La plupart des autres partis, à part El Tayar de Mohamed Abbou, le seul à développer une certaine dynamique, stagnent.
Cependant, à la marge de ce paysage politique s’est affirmé, aux élections municipales du mois de mai dernier, le mouvement des Indépendants. Sauf que ceux-ci, comme leur nom l’indique, ne forment pas une force agrégée et les maires souhaitent avant tout s’occuper de leurs municipalités qui en ont bien besoin, et rechignent à s’engager dans un scrutin national.
Reste la société civile, très agissante, mais dont les structures sont aussi très indépendantes sans toutefois sombrer dans les égos destructeurs.

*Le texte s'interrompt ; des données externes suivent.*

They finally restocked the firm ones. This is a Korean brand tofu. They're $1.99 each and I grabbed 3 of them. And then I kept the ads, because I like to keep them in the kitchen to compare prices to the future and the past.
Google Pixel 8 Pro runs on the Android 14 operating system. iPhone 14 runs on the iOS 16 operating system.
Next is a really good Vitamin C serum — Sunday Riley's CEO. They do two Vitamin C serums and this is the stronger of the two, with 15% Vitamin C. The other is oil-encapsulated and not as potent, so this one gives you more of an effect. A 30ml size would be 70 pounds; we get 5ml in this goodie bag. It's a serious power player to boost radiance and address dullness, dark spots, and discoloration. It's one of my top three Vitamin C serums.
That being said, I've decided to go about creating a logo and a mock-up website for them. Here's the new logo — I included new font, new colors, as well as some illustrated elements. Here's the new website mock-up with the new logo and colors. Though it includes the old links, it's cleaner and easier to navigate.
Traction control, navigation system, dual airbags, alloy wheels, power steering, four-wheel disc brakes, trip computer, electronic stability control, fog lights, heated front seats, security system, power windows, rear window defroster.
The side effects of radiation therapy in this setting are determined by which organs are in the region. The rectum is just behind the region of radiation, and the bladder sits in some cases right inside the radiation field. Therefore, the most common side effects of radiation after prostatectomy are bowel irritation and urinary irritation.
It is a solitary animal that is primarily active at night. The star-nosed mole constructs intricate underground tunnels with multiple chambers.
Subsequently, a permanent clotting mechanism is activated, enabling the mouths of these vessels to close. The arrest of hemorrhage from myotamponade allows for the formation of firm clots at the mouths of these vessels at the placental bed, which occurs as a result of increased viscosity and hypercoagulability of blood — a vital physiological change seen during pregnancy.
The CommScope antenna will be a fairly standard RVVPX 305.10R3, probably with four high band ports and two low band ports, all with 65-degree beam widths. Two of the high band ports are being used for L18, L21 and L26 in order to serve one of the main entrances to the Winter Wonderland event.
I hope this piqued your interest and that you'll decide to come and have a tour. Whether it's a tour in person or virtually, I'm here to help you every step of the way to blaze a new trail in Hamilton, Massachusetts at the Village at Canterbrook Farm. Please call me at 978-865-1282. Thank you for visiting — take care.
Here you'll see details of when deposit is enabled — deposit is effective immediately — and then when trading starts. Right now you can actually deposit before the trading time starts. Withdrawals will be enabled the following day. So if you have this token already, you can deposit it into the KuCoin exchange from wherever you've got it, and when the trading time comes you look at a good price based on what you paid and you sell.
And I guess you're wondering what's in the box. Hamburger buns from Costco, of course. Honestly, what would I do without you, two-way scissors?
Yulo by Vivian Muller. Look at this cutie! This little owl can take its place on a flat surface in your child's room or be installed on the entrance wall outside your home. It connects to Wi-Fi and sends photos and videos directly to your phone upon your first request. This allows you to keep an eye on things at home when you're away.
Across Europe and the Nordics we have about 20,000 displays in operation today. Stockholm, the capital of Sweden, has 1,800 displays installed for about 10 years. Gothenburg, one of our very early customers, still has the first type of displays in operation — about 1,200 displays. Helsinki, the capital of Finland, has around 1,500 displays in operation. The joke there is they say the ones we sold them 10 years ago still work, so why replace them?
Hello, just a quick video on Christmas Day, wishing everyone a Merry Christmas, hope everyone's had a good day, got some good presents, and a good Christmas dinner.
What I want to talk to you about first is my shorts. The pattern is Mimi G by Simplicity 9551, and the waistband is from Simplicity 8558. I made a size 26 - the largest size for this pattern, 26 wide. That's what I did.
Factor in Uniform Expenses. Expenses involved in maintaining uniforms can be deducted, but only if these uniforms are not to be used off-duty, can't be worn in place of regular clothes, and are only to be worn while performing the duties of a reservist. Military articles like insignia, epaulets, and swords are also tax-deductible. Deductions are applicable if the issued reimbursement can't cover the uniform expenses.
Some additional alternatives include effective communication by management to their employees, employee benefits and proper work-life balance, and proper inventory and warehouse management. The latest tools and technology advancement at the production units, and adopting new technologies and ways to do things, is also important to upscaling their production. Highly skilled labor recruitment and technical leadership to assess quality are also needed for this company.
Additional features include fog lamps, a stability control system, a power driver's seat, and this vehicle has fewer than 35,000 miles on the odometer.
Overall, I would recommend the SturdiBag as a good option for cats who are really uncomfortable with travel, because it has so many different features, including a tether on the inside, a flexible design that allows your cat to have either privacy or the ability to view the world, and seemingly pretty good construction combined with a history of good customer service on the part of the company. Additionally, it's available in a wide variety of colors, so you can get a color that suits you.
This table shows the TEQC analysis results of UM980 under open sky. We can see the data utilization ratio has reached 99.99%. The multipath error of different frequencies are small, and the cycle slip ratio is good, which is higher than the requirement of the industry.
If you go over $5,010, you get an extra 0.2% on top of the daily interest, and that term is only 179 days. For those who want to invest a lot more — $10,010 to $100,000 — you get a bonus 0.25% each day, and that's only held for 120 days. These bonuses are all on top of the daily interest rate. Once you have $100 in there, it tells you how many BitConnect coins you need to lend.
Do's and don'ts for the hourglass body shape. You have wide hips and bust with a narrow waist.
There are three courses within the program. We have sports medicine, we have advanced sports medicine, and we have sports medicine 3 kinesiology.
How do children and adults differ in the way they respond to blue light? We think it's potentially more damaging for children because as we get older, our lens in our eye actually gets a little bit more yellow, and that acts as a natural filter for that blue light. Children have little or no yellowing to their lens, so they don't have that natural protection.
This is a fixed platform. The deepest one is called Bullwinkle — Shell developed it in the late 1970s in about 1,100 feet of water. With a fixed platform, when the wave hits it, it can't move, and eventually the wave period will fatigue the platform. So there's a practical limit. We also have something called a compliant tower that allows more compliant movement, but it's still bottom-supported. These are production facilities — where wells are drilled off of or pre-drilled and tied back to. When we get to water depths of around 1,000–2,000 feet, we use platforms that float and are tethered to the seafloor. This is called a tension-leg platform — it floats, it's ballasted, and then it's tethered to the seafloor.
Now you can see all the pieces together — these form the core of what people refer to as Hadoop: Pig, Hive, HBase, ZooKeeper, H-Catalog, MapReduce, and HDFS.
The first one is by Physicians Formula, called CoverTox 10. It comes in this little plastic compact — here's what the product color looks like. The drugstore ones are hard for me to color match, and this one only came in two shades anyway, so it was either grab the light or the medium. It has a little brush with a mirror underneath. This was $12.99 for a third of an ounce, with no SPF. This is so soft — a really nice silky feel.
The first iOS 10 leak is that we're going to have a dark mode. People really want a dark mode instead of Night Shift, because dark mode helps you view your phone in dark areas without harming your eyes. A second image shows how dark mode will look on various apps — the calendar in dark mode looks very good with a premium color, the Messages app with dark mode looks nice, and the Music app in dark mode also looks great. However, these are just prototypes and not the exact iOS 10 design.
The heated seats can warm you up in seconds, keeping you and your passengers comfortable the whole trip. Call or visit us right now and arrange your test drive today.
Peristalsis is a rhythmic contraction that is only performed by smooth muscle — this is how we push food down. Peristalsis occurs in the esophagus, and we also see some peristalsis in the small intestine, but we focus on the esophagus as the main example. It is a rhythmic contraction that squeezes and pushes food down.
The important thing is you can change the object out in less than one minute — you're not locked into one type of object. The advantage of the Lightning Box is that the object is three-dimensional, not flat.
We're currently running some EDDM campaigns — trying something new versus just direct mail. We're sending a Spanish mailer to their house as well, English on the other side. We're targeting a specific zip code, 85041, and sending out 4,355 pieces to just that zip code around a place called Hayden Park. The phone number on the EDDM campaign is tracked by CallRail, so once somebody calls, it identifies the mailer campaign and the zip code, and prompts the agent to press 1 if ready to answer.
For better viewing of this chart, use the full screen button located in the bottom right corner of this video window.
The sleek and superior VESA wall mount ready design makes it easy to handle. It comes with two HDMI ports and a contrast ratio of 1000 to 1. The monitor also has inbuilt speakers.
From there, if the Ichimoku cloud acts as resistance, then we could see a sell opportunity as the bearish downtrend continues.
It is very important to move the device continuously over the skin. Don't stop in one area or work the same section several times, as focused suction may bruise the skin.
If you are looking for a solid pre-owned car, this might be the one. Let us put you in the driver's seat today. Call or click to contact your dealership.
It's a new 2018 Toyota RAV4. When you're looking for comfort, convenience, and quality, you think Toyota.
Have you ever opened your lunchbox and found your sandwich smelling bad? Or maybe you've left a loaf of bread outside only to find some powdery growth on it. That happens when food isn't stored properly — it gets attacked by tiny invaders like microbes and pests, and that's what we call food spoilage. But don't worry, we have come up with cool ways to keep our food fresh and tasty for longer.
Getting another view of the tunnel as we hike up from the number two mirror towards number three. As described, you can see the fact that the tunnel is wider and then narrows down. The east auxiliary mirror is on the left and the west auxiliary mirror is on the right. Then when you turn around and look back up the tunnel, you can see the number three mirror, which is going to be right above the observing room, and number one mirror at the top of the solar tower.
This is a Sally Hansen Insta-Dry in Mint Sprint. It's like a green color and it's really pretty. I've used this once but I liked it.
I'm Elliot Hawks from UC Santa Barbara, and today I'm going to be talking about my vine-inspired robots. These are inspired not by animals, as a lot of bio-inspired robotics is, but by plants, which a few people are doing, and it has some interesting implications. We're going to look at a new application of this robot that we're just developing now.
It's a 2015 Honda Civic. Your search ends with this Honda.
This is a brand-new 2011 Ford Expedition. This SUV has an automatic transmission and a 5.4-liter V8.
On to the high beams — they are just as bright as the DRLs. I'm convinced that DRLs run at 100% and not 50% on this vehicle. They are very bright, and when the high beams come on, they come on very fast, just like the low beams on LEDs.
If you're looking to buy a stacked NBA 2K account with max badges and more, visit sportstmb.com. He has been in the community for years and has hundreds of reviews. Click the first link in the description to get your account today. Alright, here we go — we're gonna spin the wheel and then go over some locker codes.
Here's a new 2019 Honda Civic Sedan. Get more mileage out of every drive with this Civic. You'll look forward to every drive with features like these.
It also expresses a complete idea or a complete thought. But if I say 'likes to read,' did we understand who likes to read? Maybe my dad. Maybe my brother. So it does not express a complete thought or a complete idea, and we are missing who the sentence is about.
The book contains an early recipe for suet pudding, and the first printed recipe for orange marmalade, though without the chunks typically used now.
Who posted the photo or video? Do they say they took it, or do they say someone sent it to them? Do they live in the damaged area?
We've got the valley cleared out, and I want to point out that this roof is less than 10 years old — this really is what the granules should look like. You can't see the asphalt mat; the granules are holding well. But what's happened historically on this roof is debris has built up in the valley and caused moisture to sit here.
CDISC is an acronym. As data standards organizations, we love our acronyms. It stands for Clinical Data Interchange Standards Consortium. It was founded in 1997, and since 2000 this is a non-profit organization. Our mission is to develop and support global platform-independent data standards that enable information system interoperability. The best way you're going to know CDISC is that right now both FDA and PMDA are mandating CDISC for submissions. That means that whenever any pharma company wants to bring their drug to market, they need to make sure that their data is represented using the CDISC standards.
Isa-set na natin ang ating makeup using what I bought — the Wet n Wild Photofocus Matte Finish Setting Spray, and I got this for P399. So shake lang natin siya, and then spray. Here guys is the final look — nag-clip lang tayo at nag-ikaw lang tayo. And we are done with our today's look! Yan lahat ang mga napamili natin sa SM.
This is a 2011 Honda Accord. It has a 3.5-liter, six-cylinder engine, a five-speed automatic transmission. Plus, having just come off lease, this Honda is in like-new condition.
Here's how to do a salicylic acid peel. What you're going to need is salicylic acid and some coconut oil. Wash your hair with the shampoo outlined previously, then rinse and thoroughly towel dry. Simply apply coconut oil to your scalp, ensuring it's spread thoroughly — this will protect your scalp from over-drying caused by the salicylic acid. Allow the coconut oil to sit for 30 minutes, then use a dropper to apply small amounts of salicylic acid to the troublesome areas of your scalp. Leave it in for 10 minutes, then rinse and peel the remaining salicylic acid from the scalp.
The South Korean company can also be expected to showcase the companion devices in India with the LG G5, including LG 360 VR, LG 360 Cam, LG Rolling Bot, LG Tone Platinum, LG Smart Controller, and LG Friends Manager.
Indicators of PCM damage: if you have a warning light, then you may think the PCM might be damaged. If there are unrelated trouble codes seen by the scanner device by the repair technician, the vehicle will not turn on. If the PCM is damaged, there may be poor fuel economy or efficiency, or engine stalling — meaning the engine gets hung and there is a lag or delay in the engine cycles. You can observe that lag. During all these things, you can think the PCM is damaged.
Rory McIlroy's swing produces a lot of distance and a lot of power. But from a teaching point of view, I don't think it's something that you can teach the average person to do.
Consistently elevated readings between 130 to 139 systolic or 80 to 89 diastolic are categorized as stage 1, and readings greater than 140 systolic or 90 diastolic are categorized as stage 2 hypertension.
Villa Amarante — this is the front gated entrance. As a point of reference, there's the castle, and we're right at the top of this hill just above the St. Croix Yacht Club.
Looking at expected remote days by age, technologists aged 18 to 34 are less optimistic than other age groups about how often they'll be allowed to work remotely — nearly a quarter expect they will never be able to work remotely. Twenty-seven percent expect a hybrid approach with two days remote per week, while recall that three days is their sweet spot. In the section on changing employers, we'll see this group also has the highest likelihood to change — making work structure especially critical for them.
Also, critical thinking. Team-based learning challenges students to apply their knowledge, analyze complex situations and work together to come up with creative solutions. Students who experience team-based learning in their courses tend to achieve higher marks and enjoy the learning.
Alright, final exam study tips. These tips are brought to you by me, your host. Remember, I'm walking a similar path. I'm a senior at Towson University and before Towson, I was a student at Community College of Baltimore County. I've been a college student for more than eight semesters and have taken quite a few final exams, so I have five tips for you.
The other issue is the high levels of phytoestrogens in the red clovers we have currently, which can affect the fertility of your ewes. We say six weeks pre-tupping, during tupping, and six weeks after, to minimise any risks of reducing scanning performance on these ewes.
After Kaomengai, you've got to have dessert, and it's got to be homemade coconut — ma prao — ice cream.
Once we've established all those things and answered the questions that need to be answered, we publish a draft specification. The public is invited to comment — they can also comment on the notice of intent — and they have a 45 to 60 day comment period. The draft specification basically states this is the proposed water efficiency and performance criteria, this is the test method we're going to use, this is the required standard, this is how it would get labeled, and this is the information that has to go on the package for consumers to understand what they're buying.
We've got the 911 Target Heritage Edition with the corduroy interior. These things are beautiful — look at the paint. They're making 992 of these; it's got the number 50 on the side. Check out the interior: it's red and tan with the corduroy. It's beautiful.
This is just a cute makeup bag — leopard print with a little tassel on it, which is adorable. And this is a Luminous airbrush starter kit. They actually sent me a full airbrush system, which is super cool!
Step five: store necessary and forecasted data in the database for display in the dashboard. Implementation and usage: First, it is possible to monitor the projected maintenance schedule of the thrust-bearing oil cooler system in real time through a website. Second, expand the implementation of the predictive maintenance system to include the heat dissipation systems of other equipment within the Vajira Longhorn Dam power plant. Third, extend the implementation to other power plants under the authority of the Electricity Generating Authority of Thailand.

Consciente des nécessités, consciente de l’effroyable échec de l’intelligence tunisienne, elle se tâte, tente de se rassembler, se positionne en force de propositions… Elle attend la structure qui, en respectant le principe démocratique, va réussir à la mobiliser pour un objectif clairement défini.
Mais un autre corps, d’habitude silencieux, s’est invité hier pour la première fois dans la scène politique. Dans sa déclaration durant la cérémonie d’adieu aux militaires tombés à Kasserine, le ministre de la Défense a lancé un avertissement clair aux autorités: « Je rappelle à tous les politiques qui se vantent de représenter le peuple, que ce peuple leur demandera, un jour des comptes ». Il est clair que les politiques, noyés aujourd’hui dans des considérations électoralistes complètement décalées par rapport aux nécessités du pays, ne représentent plus que leurs affidés. L’armée, dernier rempart de la patrie, pourrait, en cas d’effondrement de l’État, prendre le pouvoir le temps de remettre de l’ordre dans le pays, réformer les institutions, nettoyer une administration prolifique et nocive et remettre en État des entreprises publiques qui chaque jour, ruinent le pays un peu plus. C’est un rôle qu’elle n’apprécie pas, car ce n’est pas le sien, mais le devoir national pourrait l’appeler à le tenir en décrétant un arrêt provisoire de cette « transition démocratique » dont personne ne voit le bout du tunnel, surtout que la situation économique et financière du pays mène droit vers la perte de souveraineté et que le loup et le chaos sont désormais dans la bergerie.